Velho tarado [#37]

- Você ainda me quer, bem?
- Claro que quero.

Não adiantava. Kássia vivia perguntando a mesma coisa ao marido e a resposta era sempre a mesma, e isso a deixava louca. Ele era eloquente, tudo bem, isso ele sempre fora. Mas havia algo mais ali. Kássia sabia quando ele respondia algo com aquela certeza natural e quando respondia só por responder.
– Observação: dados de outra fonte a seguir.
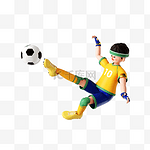世界杯足球杯3D立体运动员人物踢足球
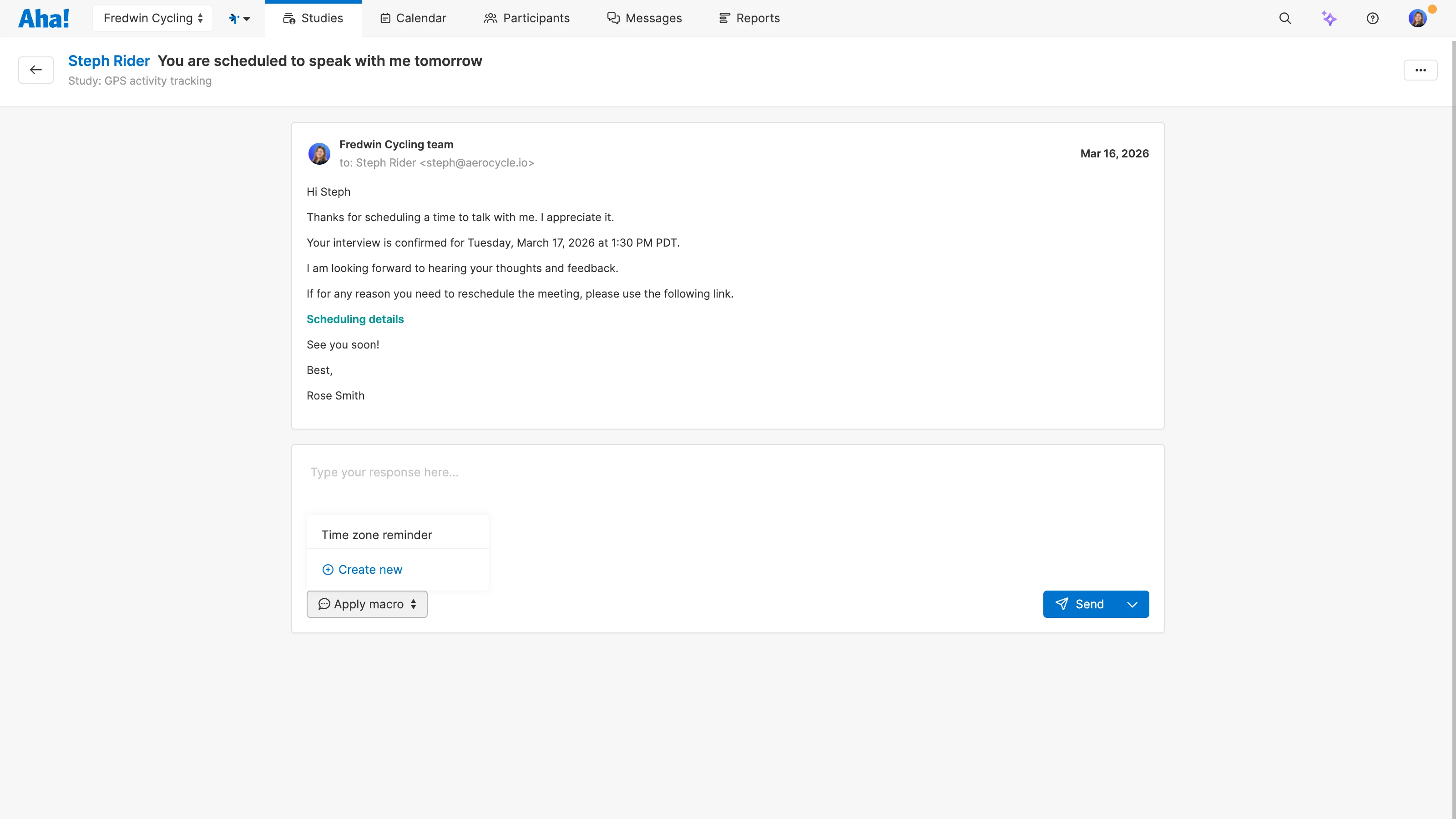 Email confirmation macro in Aha! Discovery.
Esperou um pouco. Nada. Foi pro banheiro. Ele dizia que a queria mas não se levantava, não a procurava, nem se mexia na cama. Duas camas separadas, uma em cada canto do quarto há mais de dez anos, porque as bexigas não eram mais as mesmas e as visitas ao banheiro na madrugada começaram a irritar. Ligou a luz, olhou no espelho. Talvez se pintasse o cabelo. Aquele grisalho não era nada atraente. Mas o marido mal tinha cabelo, e o que tinha não se preocupava em pentear ou cortar. Por que ela tinha que ficar bonita se ele não fazia o mesmo? Mas era Kássia quem se preocupava, quem queria ser desejada, quem ainda procurava o encanto bruto do homem, mesmo que na velhice. Havia algo criminoso em desejar o que sempre desejara agora que chegara aos 72?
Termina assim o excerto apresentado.